No obstante, el asunto del cambio climático en relación con lo que ha pasado en Valencia me interesa mucho por dos motivos que no son los obvios.

Primero, porque detecto un auge del escepticismo —no tanto negacionismo— en todo lo que tiene que ver con el clima, puramente alimentado por la guerra cultural. Llevo muchos años cubriendo estos asuntos y recuerdo perfectamente cuando el informe Stern y todas esas cosas, la gente creía tácitamente en el cambio climático o, al menos, se fiaba de lo que les dijeran. Hoy cada vez me encuentro a más gente que no es que nieguen el fenómeno, pero sí su trascendencia. Todo esto, de alguna forma, puede haber alimentado la relajación ante las señales de alerta. No tengo pruebas más allá de ese famoso tuit del físico de la AEMET Juan Jesús González Alemán que advirtió de la severidad del temporal y fue ridiculizado por —literalmente— cuatro indocumentados, pero es algo que flota en el ambiente. También es posible lo contrario, que sea más responsabilidad de los altavoces del mainstream después de muchos años de titulares alarmistas, avisando de que el Ártico iba a quedarse sin hielo marino. En cualquier caso, el sustrato existe, y se ha unido, más recientemente, a un recelo creciente contra la autoridad que emana de la ciencia.

El siniestro papel de las aseguradoras

Luego está el tema del dinero. Ahora mismo es imposible calcular cuántos miles de millones va a costar reconstruir todo lo que la DANA se ha llevado por delante en Valencia, Albacete, Cádiz, etcétera. Pero por supuesto, llegará un momento en que se sepa porque corresponderá a los peritos de las aseguradoras valorar los daños y pagar a través del Consorcio de Compensación de Seguros.

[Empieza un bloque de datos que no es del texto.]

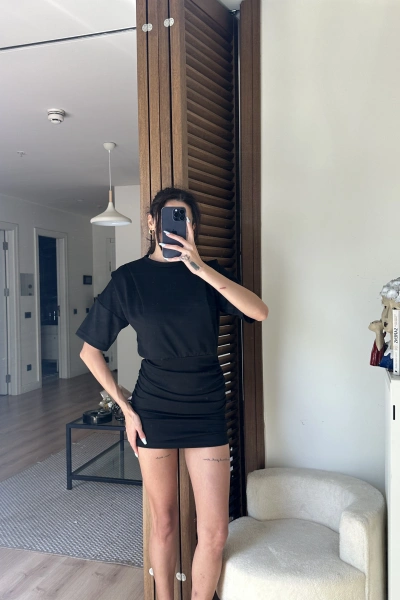 Avena Drape Detaylı Elbise Siyah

Como cada vez el cambio climático está más presente en este tipo de escenarios trágicos, mucha de la ciencia que se ha realizado en este ámbito la han hecho también las aseguradoras. Por ejemplo, la compañía alemana Munich Re tiene una base de datos de análisis y evaluación de pérdidas provocadas por desastres naturales desde 1980. No es por interés filantrópico, hacen negocio con esos datos.

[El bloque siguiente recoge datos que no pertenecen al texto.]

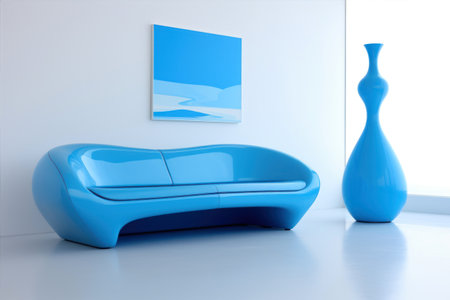 Blue sofa with blue vase on the white floor. 3d renderの素材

Y como ellos tienen los datos, son la fuente detrás de muchos papers científicos que analizan la evolución del coste de los desastres a lo largo del tiempo.

No me ha sorprendido ver en este río revuelto a Bjørn Lomborg —un tipo con tanta labia como agenda oculta que suele asomar la cabeza en los medios justo antes de las cumbres del clima para soltar su mantra: el cambio climático existe, pero no es urgente combatirlo— asegurando que, pese a la tragedia en Valencia, las muertes y los costes asociados a las inundaciones en Europa estaban en declive desde hace un siglo. Sin embargo, la industria de las aseguradoras asegura que los precios de los seguros por desastres naturales van en aumento. Es un triángulo perverso, pero tampoco es evitable.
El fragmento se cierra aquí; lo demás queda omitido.